I can choose to let it define me, confine me, refine me, outshine me, or I can choose to move on and leave it behind me. – Suzanne Summers, Cancer Survivor
One of the biggest questions in life is not about whether you should put the past behind you, but WHEN you should put your past behind you. We sometimes hold on to things too long and miss the opportunity to enjoy new things for fear of not showing support or thoughts for those events and people that have marked your life forever.
Today was just one of those sobering days. The fact that it is two days before the 11th anniversary of 9/11 as well as the 13th birthday of our son only made it slightly more complicated for my family. Most importantly for us, 9/9 marked the four year anniversary of my wife’s battle with cancer. Cancerversary is a name given to the day of your surgery to remove cancer from your body. While five years is the true date to really start to believe you are in remission, we have truly chosen to move on from cancer in our life. We dwelled on the battle for the last few years, but once my wife started being removed from a few drugs this year we felt like moving on and getting on with our lives would be the best.
Ironically, just a few weeks ago we ran into my wife’s oncologist at my cousin’s wedding (my cousin works for her). I realized that even she (the oncologist) tries to stay away from the personal side of cancer when she’s out of the clinic. It was the first time our children met her and I noticed how she just tried to keep her distance. I’m sure she’s seen so many happy stories go bad that the pain can get personal and interfere with her ability to stay even-keeled. Well I just don’t think we can ever run from cancer. It is all around us. Coincidentally for my wife, the Komen Race for the Cure run fell on this day. My wife and daughter ran. It is such a sisterhood. As each survivor runs across the finish line, you notice the applause is so heartwarming for people you don’t even know.

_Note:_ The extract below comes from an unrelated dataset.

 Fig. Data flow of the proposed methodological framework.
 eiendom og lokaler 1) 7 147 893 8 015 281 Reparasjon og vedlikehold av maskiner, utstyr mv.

Seeing my wife after the race, her face was glowing. I think we realized that we can’t walk away from cancer. We can move on, but it will always be a part of our lives. Unbeknownst to my wife, my daughter, son and I had a nice little chat about how special the day is and how lucky we are that their mother is still with us. We talked about not making it a big deal, but I could see how special that day was for my kids. Later on my daughter pulled me aside and said that she was glad to be running alongside her mom. I’m sure my wife was just as happy for the same reason.
For me, I played on the par 3 course I grew up on. I’ve played it 100s of times in my life and finally broke a milestone score!
My son and I also celebrated Orange weekend….watching the Giants stretch their lead over the rival Dodgers.
And finally we watched my daughter and her team launch their soccer season with a fierce 3-0 shutout.